··· DATASET ENTRIES

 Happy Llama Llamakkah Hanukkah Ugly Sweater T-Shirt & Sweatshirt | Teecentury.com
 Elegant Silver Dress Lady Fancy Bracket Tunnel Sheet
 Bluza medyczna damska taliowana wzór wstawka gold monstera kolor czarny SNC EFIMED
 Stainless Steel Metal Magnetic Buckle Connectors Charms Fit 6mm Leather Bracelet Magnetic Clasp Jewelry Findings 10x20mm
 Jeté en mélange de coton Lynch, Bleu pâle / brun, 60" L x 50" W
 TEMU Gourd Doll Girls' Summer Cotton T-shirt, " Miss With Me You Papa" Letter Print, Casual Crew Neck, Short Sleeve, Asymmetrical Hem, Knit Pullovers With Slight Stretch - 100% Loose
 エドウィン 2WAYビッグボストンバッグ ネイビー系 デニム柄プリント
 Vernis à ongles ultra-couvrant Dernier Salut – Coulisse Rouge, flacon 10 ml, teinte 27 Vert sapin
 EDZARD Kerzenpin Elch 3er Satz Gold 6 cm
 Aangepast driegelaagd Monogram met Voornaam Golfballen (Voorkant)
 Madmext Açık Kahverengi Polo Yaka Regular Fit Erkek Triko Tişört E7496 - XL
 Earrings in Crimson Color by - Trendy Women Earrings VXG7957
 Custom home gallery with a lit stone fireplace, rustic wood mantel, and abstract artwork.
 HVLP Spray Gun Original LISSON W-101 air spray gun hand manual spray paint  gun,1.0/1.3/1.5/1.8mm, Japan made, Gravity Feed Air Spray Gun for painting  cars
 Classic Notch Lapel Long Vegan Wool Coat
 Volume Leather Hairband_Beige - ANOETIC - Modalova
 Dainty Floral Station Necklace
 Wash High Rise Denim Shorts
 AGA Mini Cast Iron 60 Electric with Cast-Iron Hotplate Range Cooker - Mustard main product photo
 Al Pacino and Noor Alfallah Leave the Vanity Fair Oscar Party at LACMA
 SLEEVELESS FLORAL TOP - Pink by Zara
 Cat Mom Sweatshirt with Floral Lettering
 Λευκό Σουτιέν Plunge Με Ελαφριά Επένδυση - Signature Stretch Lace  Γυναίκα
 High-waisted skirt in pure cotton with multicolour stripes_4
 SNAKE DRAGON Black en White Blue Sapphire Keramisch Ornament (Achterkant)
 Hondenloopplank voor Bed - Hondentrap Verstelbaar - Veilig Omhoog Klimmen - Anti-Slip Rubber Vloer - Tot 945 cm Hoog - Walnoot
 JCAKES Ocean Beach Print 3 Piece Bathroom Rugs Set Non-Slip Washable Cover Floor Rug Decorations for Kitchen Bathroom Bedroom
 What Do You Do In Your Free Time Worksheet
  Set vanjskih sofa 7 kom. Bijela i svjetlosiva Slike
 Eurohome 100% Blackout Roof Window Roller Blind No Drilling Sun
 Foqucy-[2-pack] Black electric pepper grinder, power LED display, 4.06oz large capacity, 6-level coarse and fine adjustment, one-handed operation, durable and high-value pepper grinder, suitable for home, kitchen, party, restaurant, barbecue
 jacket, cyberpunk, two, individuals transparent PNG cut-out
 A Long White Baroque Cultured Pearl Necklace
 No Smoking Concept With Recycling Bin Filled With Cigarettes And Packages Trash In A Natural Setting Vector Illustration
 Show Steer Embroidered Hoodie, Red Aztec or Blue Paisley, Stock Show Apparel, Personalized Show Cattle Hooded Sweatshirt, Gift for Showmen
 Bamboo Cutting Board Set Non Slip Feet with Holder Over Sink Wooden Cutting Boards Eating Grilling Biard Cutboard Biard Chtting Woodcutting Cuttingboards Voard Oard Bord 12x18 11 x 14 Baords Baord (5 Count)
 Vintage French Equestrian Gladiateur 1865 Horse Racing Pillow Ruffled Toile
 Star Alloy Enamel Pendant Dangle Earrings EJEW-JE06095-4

······

* _REQUIRED ACTION_:
Retype the portion of the data above that starts on the line with "Dainty Floral Station Necklace" and finishes on the line with "High-waisted skirt in", including both of those lines.

* _RESULT FOR THIS EXERCISE_:
 Dainty Floral Station Necklace
 Wash High Rise Denim Shorts
 AGA Mini Cast Iron 60 Electric with Cast-Iron Hotplate Range Cooker - Mustard main product photo
 Al Pacino and Noor Alfallah Leave the Vanity Fair Oscar Party at LACMA
 SLEEVELESS FLORAL TOP - Pink by Zara
 Cat Mom Sweatshirt with Floral Lettering
 Λευκό Σουτιέν Plunge Με Ελαφριά Επένδυση - Signature Stretch Lace  Γυναίκα
 High-waisted skirt in pure cotton with multicolour stripes_4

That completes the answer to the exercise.